Dès l’apparition du minitel, outil très prisé à l’époque par les personnes sourdes, France Télécom, encore opérateur unique de service public, a ouvert en 1982, à titre expérimental, un centre de truchement offrant la possibilité à quelques dizaines de personnes sourdes d’Ile-de-France, la possibilité de passer leurs communications téléphoniques en passant par des opérateurs qui assuraient la transcription écrite des échanges, sur minitel.

L’évolution des technologies, l’ouverture du marché des télécommunications, le coût et la durée de l’expérimentation qui ne pouvait pas être élargie à un public plus large, ont contraint France Télécom a renoncer à ce centre de truchement en mai 2006.

1-2 – La loi du 11 février 2005, pour l’égalité des droits et des chances, la participation et la citoyenneté des personnes handicapées.

Bien que le besoin de rendre accessibles les communications téléphoniques ne date pas de 2005, la loi du 11 février 2005 apporte des éléments à prendre en compte dans notre chantier.

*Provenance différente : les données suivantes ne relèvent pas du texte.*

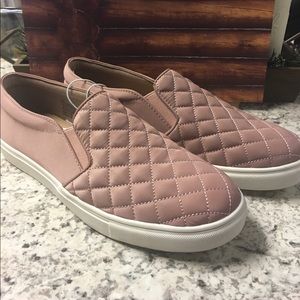 Women’s Reese sneakers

S’appuyant sur le principe de l’accès de tous à tout, cette loi définit la nouvelle politique française en matière de handicap et s’articule autour de deux piliers : l’accessibilité et la compensation.

Plusieurs articles de cette loi nous intéressent directement ici.

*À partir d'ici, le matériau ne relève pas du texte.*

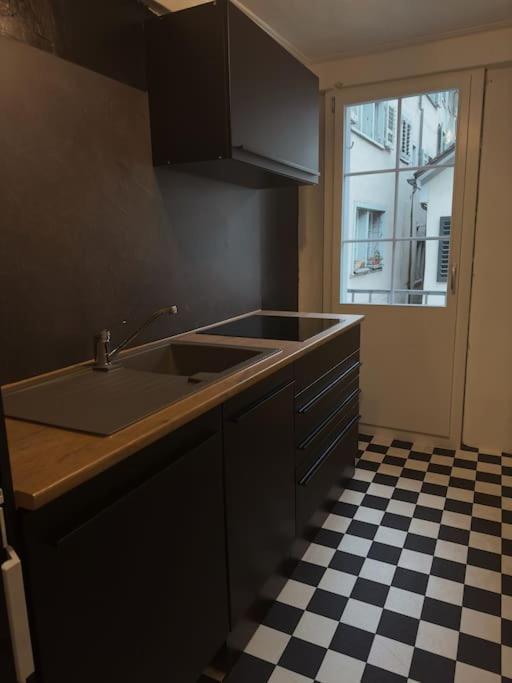 Suesse Wohnung In Zuercher Altstadt 3 Zurique Exterior foto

L’article 78 de la loi garantit l’accessibilité des relations des personnes déficientes auditives avec les services publics.

L’article 78 indique que les appels d’urgence doivent être accessibles.

L’article 78 définit le dispositif de communication adapté qui peut faire intervenir : l’interprétation en Langue des Signes Française, le codage en Langage Parlé Complété et la transcription écrite.

L’article 75 reconnaît la Langue des Signes Française comme une langue à part entière.

L’article 47 indique que les services de communication publique en ligne doivent être accessibles aux personnes handicapées.

Si la problématique de l’accessibilité téléphonique doit a priori s’envisager de la manière la plus large, les Pouvoirs publics, du fait de cette loi, sont au premier rang des acteurs concernés.